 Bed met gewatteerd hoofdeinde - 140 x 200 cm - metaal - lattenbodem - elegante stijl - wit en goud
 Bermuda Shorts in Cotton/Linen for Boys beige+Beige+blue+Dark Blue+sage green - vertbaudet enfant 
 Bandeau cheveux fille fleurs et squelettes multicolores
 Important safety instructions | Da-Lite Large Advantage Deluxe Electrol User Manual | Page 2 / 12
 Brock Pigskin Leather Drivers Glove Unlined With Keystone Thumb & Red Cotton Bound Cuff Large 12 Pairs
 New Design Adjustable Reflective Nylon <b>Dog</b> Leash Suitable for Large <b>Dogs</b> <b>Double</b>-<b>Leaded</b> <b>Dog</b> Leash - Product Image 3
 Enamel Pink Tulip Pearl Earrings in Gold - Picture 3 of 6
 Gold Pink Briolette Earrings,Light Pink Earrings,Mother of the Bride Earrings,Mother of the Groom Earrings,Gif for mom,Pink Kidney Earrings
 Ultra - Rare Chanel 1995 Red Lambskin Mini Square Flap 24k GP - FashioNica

# # # # #

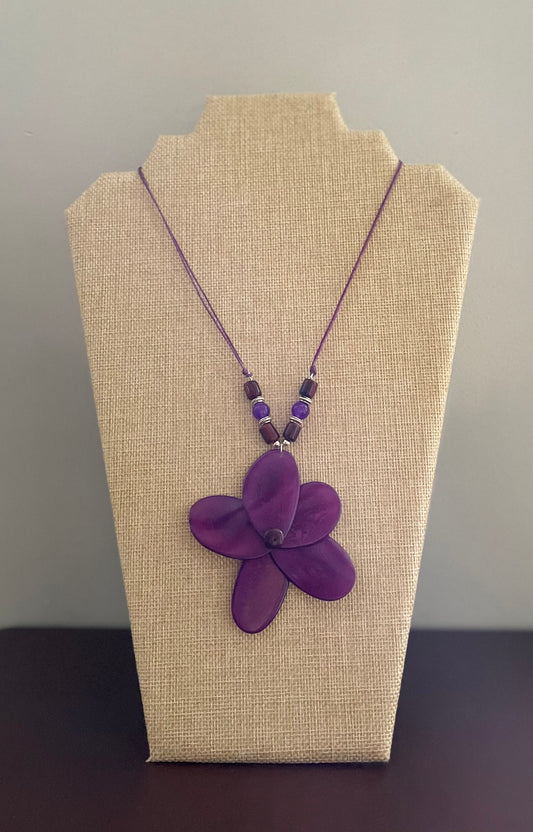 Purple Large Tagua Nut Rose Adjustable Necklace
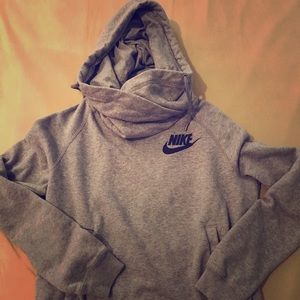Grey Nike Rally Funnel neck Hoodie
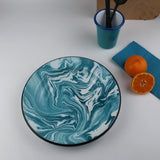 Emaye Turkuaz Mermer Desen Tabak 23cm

# # # # #

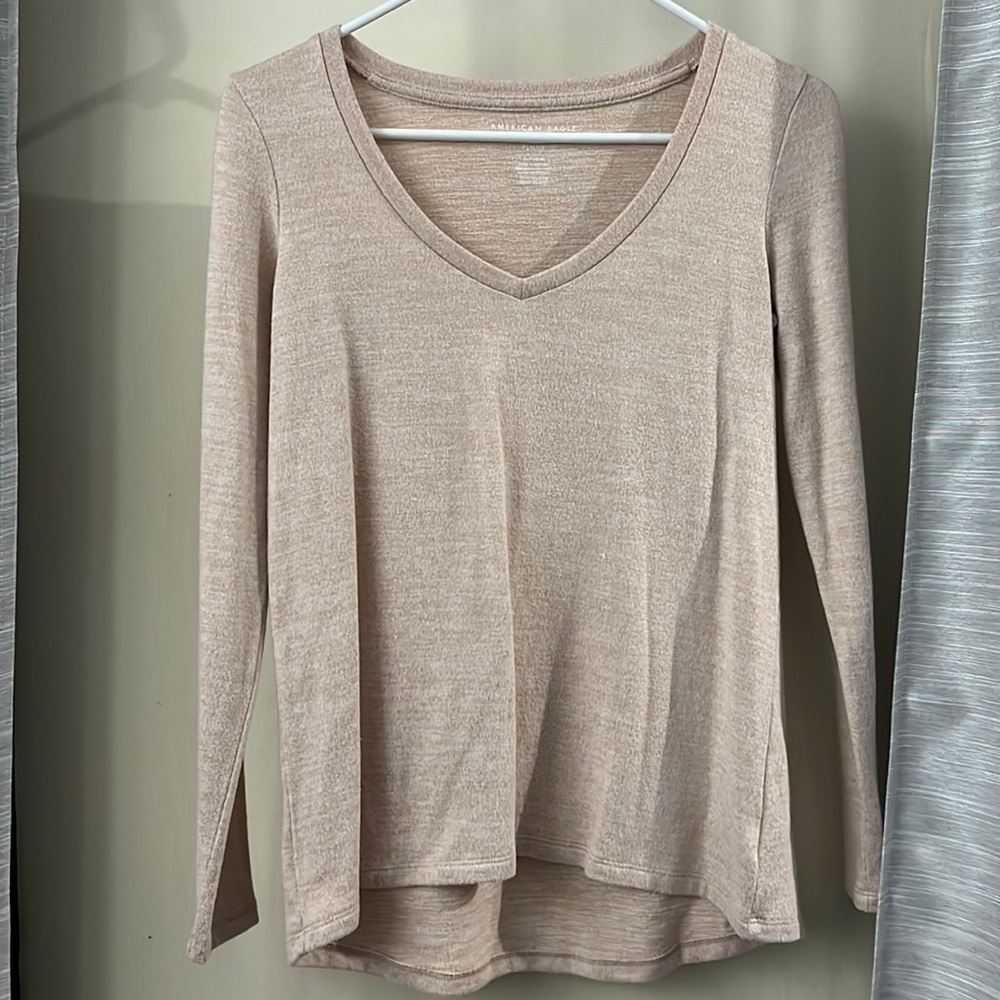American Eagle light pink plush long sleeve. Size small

# # # # #

__WHAT IS REQUIRED__: Copy every line of the entries in which "Gold" can be found.

__ANSWER TO THE PROBLEM__:
 Enamel Pink Tulip Pearl Earrings in Gold - Picture 3 of 6
 Gold Pink Briolette Earrings,Light Pink Earrings,Mother of the Bride Earrings,Mother of the Groom Earrings,Gif for mom,Pink Kidney Earrings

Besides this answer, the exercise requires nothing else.